Verona Pharma (VP) said said in the press release Thursday that ensifentrine has the potential to be the first novel class of bronchodilator in over 40 years, and the first therapy for the treatment of respiratory diseases that combines bronchodilator and anti-inflammatory activities in one compound. The addition of nebulized ensifentrine to symptomatic COPD patients already treated with standard-of-care medicines represents a significant market opportunity, VP said.
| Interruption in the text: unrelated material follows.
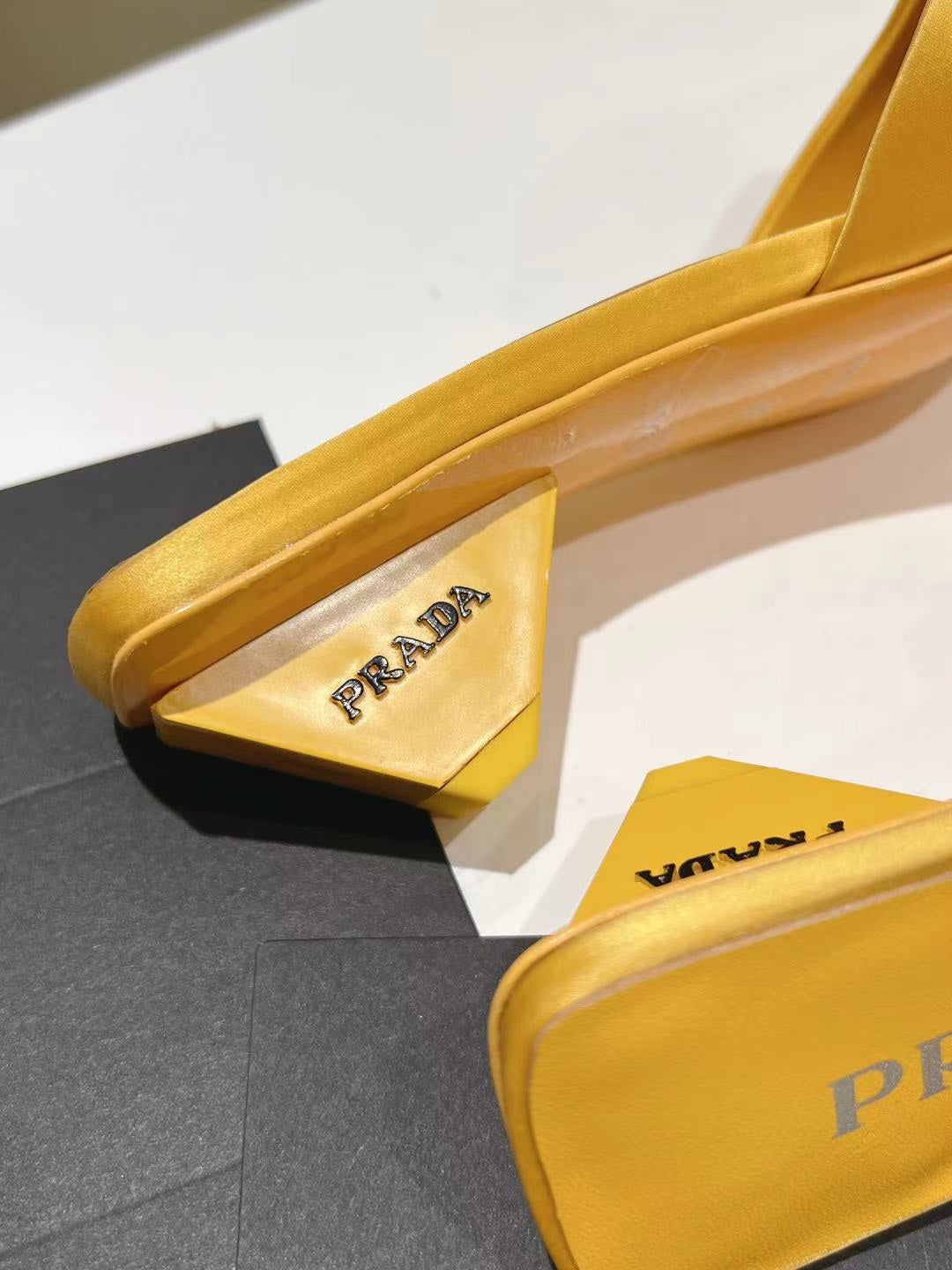 PRA POINTED-TOE MULES YELLOW SATIN - 34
“We remain on track to deliver data from this important Phase 2b clinical trial in patients with moderate-to-severe COPD around year end 2019,” said Jan-Anders Karlsson, PhD, CEO of Verona Pharma.
Karlsson expects the second Phase 2 study with nebulized ensifentrine in COPD to help inform the company’s planned Phase 3 clinical development program, which is expect to start in 2020.
Karlsson said that millions of COPD patients urgently need better treatments as they remain symptomatic despite maximum treatment with currently available therapies. “We believe ensifentrine, with its unique mode of action and clinical profile, will have an important role in treating these patients,” he said.